Albert Micajah Shipp (1819–1887) was an American Methodist minister and university administrator.

==Biography==

===Early life===
Albert Micajah Shipp was born on June 15, 1819, in Stokes County, North Carolina. His father was John Shipp (1791-1820) and his mother, Elizabeth Wade Ogilvie (1795-1855). He graduated from the University of North Carolina at Chapel Hill in Chapel Hill, North Carolina.

===Career===
He joined the South Carolina Conference of the Methodist Episcopal Church, South in 1841. He served as a Methodist pastor in Charleston, Cokesbury, Santee, Cheraw, and Fayetteville. In 1847, he became the Presiding Elder of the Lincolnton District. He retired from preaching after his voice became too weak.

He served as the President of Greensboro College in Greensboro, North Carolina, from 1848 to 1850. He then taught English, French, and history at his alma mater, the University of North Carolina, in 1850-1851. In 1851, he joined the Board of Trustees of Wofford College in Spartanburg, South Carolina.

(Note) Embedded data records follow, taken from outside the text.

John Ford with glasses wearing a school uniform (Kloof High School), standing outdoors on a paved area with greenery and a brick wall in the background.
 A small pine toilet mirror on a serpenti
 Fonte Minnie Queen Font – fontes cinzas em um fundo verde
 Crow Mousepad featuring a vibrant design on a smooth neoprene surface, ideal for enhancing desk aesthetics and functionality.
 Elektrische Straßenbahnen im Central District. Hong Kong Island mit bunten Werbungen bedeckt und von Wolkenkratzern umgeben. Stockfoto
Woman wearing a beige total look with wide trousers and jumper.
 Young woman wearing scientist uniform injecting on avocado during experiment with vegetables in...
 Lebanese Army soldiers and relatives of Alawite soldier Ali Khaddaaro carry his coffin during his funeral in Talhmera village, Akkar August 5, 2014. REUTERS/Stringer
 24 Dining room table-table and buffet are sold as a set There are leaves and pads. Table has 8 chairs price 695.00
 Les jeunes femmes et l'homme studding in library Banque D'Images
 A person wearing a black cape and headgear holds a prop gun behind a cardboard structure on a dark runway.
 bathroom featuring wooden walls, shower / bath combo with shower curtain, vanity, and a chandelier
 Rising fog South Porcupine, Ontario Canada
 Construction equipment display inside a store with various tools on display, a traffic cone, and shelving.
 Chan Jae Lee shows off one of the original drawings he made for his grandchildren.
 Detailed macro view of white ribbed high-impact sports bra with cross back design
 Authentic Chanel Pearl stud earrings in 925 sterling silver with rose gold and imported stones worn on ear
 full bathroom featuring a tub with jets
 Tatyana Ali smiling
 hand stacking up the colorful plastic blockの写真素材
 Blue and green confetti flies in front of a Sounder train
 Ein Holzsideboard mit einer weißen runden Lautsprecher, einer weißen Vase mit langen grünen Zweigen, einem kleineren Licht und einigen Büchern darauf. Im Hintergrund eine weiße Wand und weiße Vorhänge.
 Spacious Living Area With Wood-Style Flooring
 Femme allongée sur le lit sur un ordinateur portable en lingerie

He went on to serve as its President from 1859 to 1875, including during the American Civil War of 1861-1865 and the Reconstruction Era. However, he was forced to leave after he clashed with James Henry Carlisle (1825-1909), who served as the next President from 1875 to 1902.

In 1875, he became a professor of exegetical theology in the Biblical Department at Vanderbilt University in Nashville, Tennessee. From 1882 to 1887, he served as its dean. However, he was forced to resign by Bishop Holland Nimmons McTyeire (1824–1889). He retired in Marlboro County, South Carolina.

===Personal life===
He married Mary Jane Gillespie (1826-1880). They had a son and a daughter:
- John Shipp (1848-1888).
- Sarah W. Shipp (1864-1893).

===Death===
He died on June 27, 1887, in Cleveland Springs, North Carolina, at the age of sixty-eight.